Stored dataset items
----
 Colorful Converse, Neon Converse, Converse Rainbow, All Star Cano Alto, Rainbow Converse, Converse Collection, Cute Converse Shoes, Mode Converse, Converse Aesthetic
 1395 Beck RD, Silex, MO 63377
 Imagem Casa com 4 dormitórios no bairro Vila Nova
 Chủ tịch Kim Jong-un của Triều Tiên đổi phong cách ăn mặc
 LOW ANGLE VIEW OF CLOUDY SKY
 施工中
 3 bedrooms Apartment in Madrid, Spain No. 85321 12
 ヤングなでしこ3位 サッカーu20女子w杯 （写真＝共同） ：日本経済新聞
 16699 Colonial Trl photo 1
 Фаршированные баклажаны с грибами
----
§ Activity
Retype every record without alteration.

§ Output
 Colorful Converse, Neon Converse, Converse Rainbow, All Star Cano Alto, Rainbow Converse, Converse Collection, Cute Converse Shoes, Mode Converse, Converse Aesthetic
 1395 Beck RD, Silex, MO 63377
 Imagem Casa com 4 dormitórios no bairro Vila Nova
 Chủ tịch Kim Jong-un của Triều Tiên đổi phong cách ăn mặc
 LOW ANGLE VIEW OF CLOUDY SKY
 施工中
 3 bedrooms Apartment in Madrid, Spain No. 85321 12
 ヤングなでしこ3位 サッカーu20女子w杯 （写真＝共同） ：日本経済新聞
 16699 Colonial Trl photo 1
 Фаршированные баклажаны с грибами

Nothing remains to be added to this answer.